0.003990876020778189

Confidence Sets

We compute 95% (subvector) confidence sets for the causal effect of education on log wages.

[13]:

from ivmodels.tests import (
    inverse_anderson_rubin_test,
    inverse_wald_test,
    inverse_likelihood_ratio_test,
    inverse_conditional_likelihood_ratio_test,
    inverse_lagrange_multiplier_test
)

for name, inverse_test in [
    ("Wald (TSLS)", partial(inverse_wald_test, estimator="tsls")),
    ("Wald (LIML)", partial(inverse_wald_test, estimator="liml")),
    ("AR", inverse_anderson_rubin_test),
    ("LR", inverse_likelihood_ratio_test),
    ("CLR", inverse_conditional_likelihood_ratio_test),
    ("LM", inverse_lagrange_multiplier_test),
]:
    print(f"{name:<11}: {inverse_test(Z=Z, X=X, W=W, y=y, alpha=0.05):.3f}")

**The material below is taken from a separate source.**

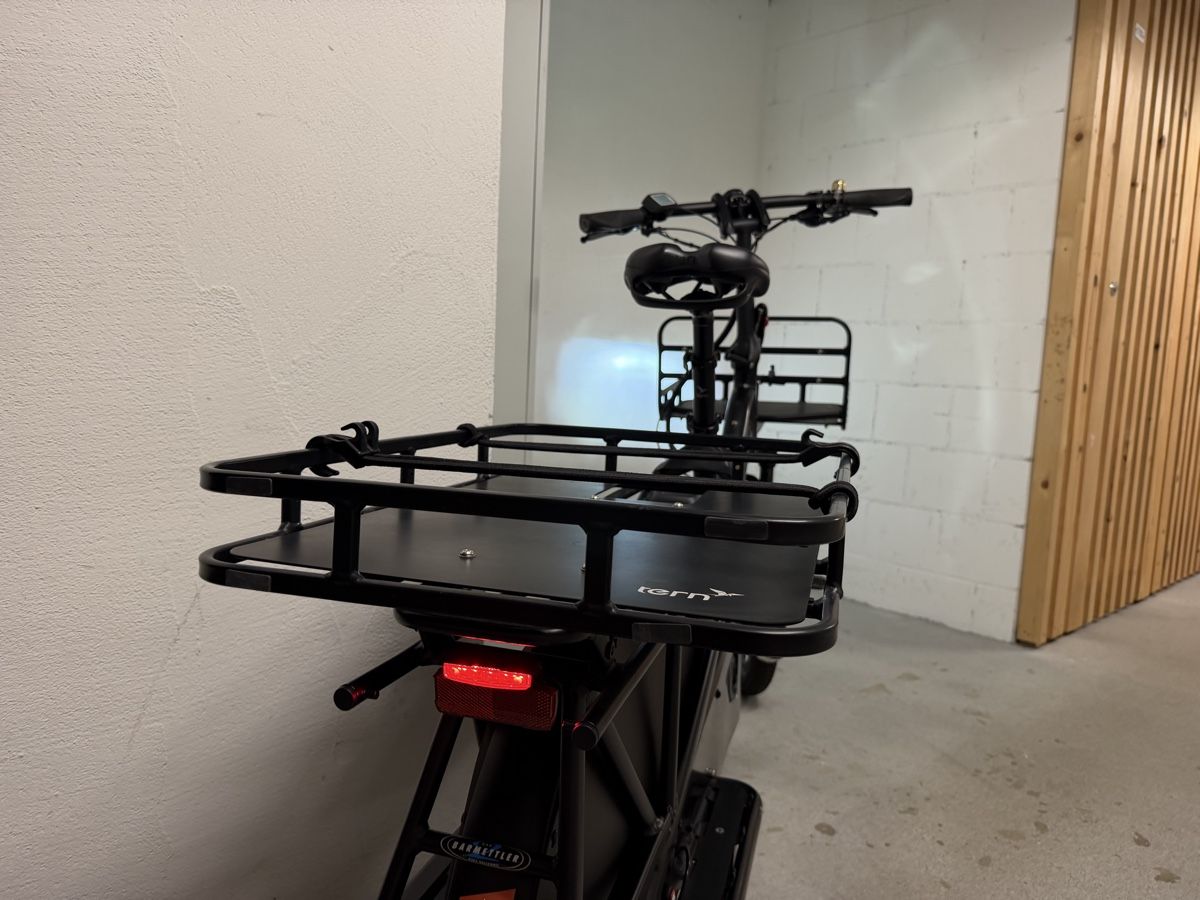 Tern Biciclette: Ebike Tern GSD S10 Cargo Line – Nuovo (secondo la descrizione) da Alpnach Dorf venduto da FO91 2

Wald (TSLS): [0.058, 0.232]
Wald (LIML): [0.063, 0.282]
AR         : [0.083, 0.352]
LR         : [0.079, 0.368]
CLR        : [0.073, 0.396]
LM         : [-0.594, -0.059] U [0.061, 0.467]

The confidence sets are of varying size. The inverse Anderson-Rubin test confidence set is the smallest among the weak-instrument-robust tests. This occurs as \(J_\mathrm{LIML} = 4.284\) is substantial and

\[(k - m_w) \cdot \mathrm{AR}(\beta) = \mathrm{LR}(\beta) + J_\mathrm{LIML}\]

such that “a little misspecification improves power” as discussed in Londschien(2025), section 4.

We observe a common phenomenon for the Lagrange multiplier test: The confidence set obtained by inversion is disjoint. This is due to the test being a function of the score, the derivative of the likelihood, such that the statistic is zero both at the minimum but also at the maximum of the likelihood. The Lagrange multiplier test still has its uses, and might result in more smaller confidence sets if one can discard one part of the confidence set a-priori, e.g., as prior knowledge dictates that \(\beta_0 > 0\).

We now numerically verify proposition 44 of Londschien (2025). For \(\alpha_\mathrm{max} = 1 − F_{\chi^2(k - m_w)}(J_\mathrm{LIML})\), we expect the inverse Anderson-Rubin test confidence set to be just non-empty. For any \(\alpha > \alpha_\mathrm{max}\), we expect the confidence set to be empty.

[14]:

import scipy.stats

alpha_max = 1 - scipy.stats.chi2(5 - 2).cdf(j_stat)  # not equal to j_pval

cs = inverse_anderson_rubin_test(Z=Z, X=X, y=y, W=W, alpha=alpha_max - 1e-6)
print(f"Inverse AR (1-alpha={1 - alpha_max - 1e-6:7f}): {cs:.7f}")
cs = inverse_anderson_rubin_test(Z=Z, X=X, y=y, W=W, alpha=alpha_max + 1e-6)
print(f"Inverse AR (1-alpha={1 - alpha_max + 1e-6:7f}): {cs:.3f}")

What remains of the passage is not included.